» **Exercise**
Return, exactly and in full, the lines of the records below starting at the one with "Free People Female" and ending at the one with "Metal Light Switch", and no other lines.

» **Information shown**
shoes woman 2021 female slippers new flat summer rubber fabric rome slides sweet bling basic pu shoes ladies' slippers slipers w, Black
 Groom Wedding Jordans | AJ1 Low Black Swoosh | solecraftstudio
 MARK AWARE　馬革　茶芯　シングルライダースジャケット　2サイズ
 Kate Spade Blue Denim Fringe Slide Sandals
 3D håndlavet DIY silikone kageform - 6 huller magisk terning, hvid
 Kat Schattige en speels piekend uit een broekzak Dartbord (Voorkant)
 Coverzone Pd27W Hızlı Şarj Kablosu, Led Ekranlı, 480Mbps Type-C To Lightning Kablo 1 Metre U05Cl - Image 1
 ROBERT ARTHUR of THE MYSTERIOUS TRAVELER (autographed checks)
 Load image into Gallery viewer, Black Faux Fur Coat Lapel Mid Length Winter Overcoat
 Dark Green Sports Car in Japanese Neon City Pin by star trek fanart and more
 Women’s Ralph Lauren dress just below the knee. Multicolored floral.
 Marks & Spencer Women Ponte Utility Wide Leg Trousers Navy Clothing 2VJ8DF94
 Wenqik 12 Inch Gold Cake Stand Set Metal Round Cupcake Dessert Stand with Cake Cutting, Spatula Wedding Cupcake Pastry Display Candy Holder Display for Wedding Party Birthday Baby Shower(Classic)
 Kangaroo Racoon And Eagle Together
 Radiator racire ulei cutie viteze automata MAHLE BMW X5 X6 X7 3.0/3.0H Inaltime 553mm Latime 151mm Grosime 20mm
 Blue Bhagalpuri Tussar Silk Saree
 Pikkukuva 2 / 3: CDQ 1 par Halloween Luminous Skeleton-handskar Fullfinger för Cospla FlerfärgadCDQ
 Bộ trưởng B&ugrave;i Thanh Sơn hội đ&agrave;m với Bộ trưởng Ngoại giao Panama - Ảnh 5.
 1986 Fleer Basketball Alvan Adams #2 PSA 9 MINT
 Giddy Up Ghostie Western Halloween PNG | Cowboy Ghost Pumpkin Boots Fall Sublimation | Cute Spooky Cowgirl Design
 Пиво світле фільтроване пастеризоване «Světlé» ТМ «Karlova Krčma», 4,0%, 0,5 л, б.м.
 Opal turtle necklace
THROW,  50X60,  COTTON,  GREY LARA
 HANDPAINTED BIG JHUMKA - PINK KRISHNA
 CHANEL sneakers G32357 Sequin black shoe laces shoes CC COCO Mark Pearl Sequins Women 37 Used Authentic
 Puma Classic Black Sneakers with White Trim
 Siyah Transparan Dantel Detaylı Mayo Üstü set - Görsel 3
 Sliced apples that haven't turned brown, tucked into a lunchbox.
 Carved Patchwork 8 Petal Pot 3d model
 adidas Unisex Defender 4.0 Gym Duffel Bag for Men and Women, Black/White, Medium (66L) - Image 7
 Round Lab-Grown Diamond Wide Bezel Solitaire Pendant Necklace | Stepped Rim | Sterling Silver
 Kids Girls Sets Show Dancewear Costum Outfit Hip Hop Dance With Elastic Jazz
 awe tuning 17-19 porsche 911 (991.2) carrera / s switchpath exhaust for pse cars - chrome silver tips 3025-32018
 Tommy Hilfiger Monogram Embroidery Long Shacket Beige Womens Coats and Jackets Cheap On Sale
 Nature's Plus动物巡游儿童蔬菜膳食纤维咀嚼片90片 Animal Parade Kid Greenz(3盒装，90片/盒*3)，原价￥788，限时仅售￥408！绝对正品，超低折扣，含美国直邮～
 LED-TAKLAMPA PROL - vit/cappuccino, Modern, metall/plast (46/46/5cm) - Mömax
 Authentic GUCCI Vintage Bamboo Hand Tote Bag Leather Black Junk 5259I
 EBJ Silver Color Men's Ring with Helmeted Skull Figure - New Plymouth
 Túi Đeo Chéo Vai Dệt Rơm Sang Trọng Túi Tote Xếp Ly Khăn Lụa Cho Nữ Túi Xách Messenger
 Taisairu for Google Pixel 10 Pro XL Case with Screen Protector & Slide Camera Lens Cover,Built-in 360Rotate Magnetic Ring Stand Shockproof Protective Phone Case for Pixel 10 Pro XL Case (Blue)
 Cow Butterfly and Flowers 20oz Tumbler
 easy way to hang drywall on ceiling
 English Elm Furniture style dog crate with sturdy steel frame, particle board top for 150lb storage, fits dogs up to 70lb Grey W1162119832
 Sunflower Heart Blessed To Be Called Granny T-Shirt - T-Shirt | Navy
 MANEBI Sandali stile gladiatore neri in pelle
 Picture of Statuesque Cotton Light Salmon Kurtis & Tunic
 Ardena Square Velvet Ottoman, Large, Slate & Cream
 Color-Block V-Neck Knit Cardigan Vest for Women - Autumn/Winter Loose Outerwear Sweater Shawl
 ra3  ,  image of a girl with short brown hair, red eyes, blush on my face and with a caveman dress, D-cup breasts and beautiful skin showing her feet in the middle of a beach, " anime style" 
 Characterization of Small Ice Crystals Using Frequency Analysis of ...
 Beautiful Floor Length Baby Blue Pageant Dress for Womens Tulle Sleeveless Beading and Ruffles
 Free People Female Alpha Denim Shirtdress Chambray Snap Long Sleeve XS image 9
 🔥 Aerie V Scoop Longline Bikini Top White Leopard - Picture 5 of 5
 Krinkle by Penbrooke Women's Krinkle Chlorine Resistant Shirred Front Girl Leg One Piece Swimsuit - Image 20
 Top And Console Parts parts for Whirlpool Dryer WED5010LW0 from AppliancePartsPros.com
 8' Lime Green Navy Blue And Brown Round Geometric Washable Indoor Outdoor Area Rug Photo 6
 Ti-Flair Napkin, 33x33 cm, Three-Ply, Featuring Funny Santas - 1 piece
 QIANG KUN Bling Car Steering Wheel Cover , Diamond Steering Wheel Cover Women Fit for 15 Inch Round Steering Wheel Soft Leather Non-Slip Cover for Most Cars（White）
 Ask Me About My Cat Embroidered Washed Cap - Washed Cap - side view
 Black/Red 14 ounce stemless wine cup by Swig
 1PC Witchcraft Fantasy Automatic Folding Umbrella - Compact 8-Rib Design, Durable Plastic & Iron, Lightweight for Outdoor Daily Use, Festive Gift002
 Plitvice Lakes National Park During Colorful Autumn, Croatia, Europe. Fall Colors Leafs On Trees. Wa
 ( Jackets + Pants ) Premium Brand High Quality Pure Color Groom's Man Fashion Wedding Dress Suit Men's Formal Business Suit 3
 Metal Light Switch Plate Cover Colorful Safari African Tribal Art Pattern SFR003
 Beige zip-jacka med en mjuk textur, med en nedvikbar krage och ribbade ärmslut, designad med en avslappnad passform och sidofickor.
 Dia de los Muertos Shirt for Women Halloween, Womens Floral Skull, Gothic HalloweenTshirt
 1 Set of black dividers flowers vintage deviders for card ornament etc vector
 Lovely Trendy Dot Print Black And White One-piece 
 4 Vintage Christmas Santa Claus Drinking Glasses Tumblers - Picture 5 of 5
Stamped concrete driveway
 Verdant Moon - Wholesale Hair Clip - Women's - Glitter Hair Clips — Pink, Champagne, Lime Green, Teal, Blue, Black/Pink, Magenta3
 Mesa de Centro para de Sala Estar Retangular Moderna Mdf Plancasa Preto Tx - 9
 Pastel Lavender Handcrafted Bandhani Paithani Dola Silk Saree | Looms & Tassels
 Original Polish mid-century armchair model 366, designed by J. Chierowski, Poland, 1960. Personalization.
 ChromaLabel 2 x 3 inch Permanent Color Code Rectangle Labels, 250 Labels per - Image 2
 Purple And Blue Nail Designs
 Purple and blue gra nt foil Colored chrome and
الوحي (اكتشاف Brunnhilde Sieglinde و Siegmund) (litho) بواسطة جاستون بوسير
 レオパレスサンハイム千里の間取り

» **Exercise result**
 Free People Female Alpha Denim Shirtdress Chambray Snap Long Sleeve XS image 9
 🔥 Aerie V Scoop Longline Bikini Top White Leopard - Picture 5 of 5
 Krinkle by Penbrooke Women's Krinkle Chlorine Resistant Shirred Front Girl Leg One Piece Swimsuit - Image 20
 Top And Console Parts parts for Whirlpool Dryer WED5010LW0 from AppliancePartsPros.com
 8' Lime Green Navy Blue And Brown Round Geometric Washable Indoor Outdoor Area Rug Photo 6
 Ti-Flair Napkin, 33x33 cm, Three-Ply, Featuring Funny Santas - 1 piece
 QIANG KUN Bling Car Steering Wheel Cover , Diamond Steering Wheel Cover Women Fit for 15 Inch Round Steering Wheel Soft Leather Non-Slip Cover for Most Cars（White）
 Ask Me About My Cat Embroidered Washed Cap - Washed Cap - side view
 Black/Red 14 ounce stemless wine cup by Swig
 1PC Witchcraft Fantasy Automatic Folding Umbrella - Compact 8-Rib Design, Durable Plastic & Iron, Lightweight for Outdoor Daily Use, Festive Gift002
 Plitvice Lakes National Park During Colorful Autumn, Croatia, Europe. Fall Colors Leafs On Trees. Wa
 ( Jackets + Pants ) Premium Brand High Quality Pure Color Groom's Man Fashion Wedding Dress Suit Men's Formal Business Suit 3
 Metal Light Switch Plate Cover Colorful Safari African Tribal Art Pattern SFR003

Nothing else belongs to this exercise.